--- Records for processing ---
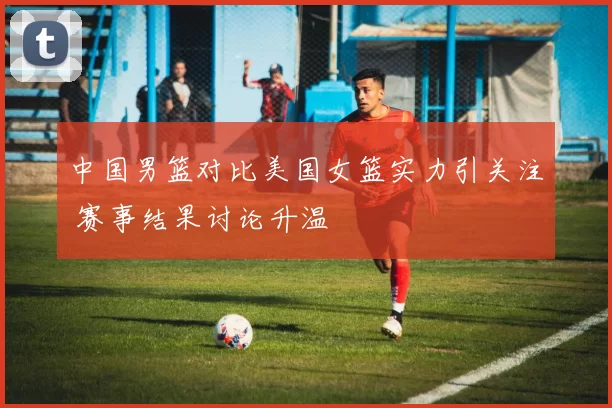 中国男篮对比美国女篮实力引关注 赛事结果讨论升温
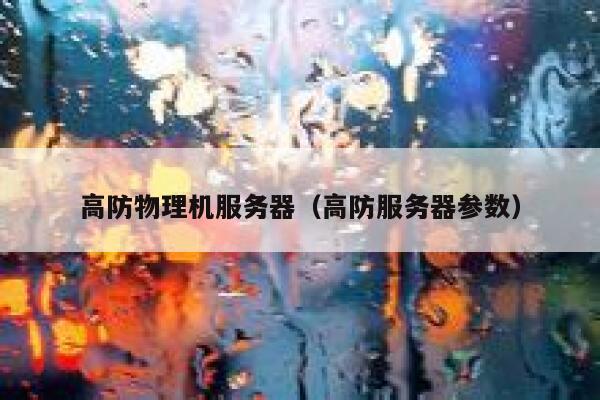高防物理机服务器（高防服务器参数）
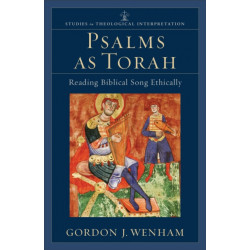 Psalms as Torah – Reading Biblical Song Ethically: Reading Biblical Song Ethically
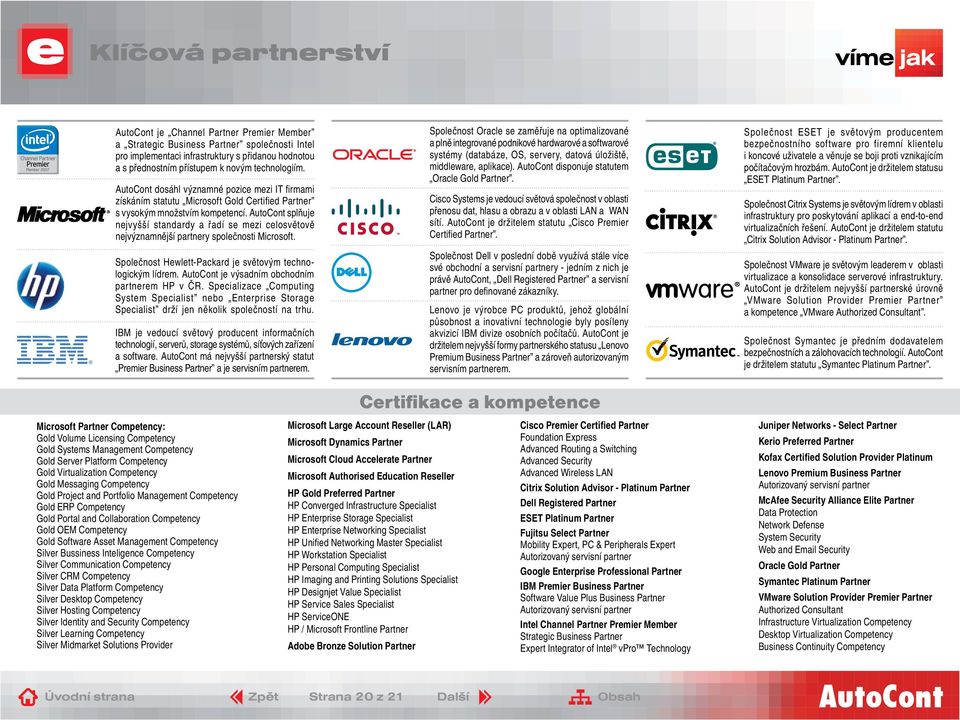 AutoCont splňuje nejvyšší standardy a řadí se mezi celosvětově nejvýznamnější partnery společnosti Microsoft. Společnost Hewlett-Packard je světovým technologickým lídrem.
---
--- Records for processing ---
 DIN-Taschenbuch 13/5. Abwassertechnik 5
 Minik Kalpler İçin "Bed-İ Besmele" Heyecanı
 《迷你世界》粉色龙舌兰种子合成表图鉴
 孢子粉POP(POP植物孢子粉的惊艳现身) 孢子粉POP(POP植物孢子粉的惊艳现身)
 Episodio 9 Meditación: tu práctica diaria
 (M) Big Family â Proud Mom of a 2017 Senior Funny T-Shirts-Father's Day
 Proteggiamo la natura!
---
** Action item **
Copy the entries above exactly, but only from the line holding "Episodio 9 Meditación: tu práctica diaria" through the line holding "Proteggiamo la natura!", both included.

** Task answer **
 Episodio 9 Meditación: tu práctica diaria
 (M) Big Family â Proud Mom of a 2017 Senior Funny T-Shirts-Father's Day
 Proteggiamo la natura!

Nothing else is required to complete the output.